Brief
Look for the line with "A Spacious Family"; please transcribe it and every later line in the entries exactly, up to the end, leaving pictures out.

Crawled caption data
------------------------
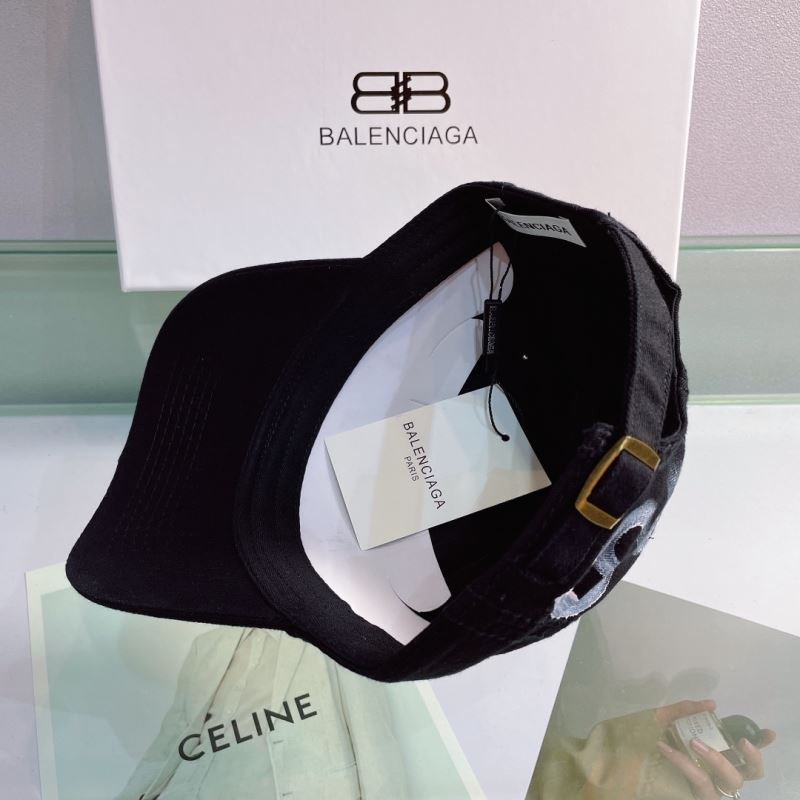 BALENCIAGA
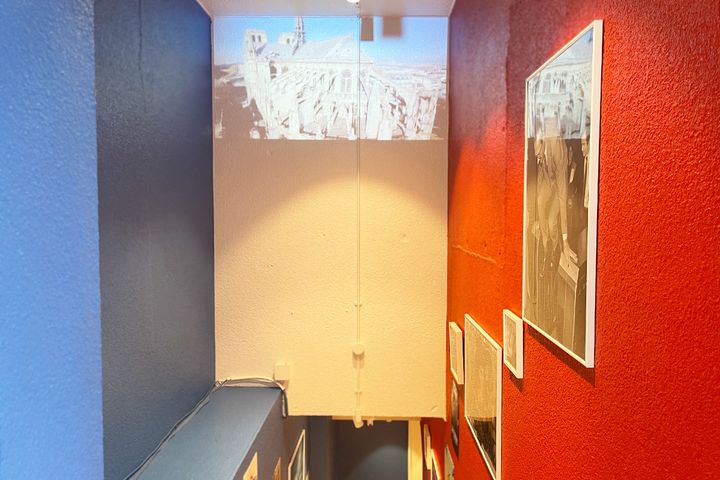 アートが飾られた階段を下って地下の店内へ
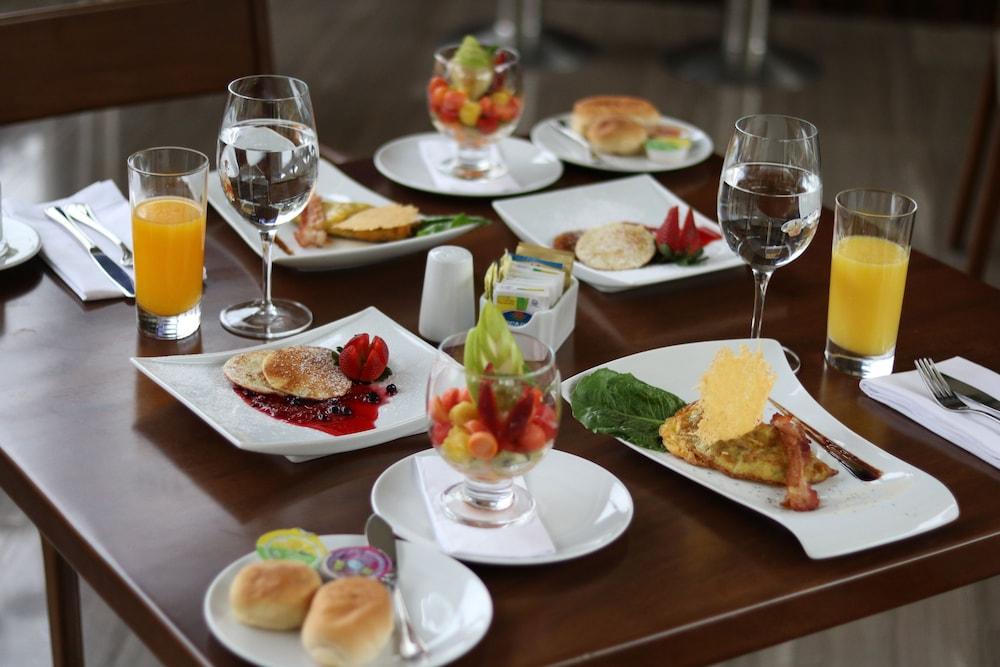 Binn Hotel Medellin Ngoại thất bức ảnh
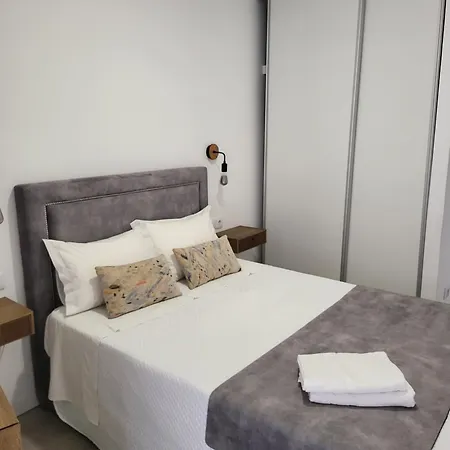 Henriqueta Maia Suits * Aveiro
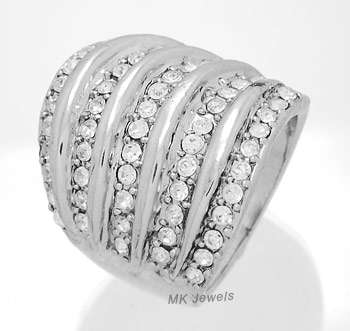 **WOW** Elegant Wide Diamond cz 18ct GP ring - Size 8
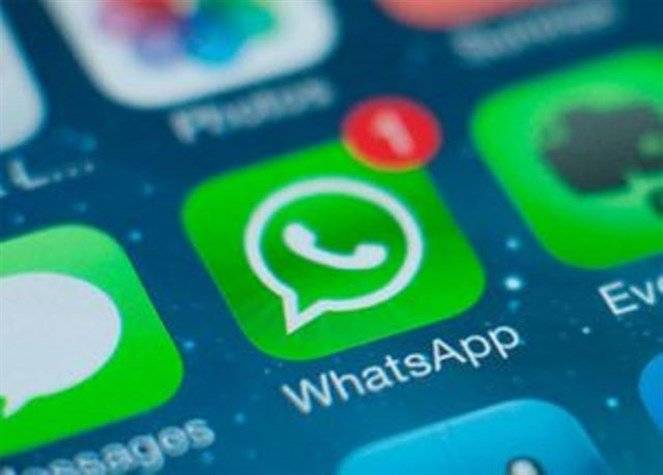 لن تصدقوا كم بلغ عدد رسائل واتساب ليلة رأس السنة!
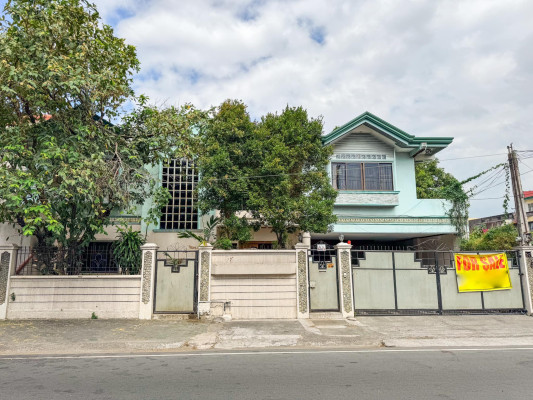 A Spacious Family Home for Sale in BF Homes, Las Piñas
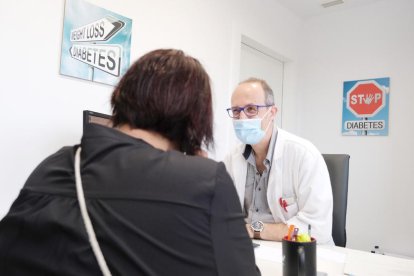 El Hospital Arnau de Vilanova de Lleida estrena una consulta dirigida al estudio integral de los pacientes con obesidad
------------------------
Answer to the problem
 A Spacious Family Home for Sale in BF Homes, Las Piñas
 El Hospital Arnau de Vilanova de Lleida estrena una consulta dirigida al estudio integral de los pacientes con obesidad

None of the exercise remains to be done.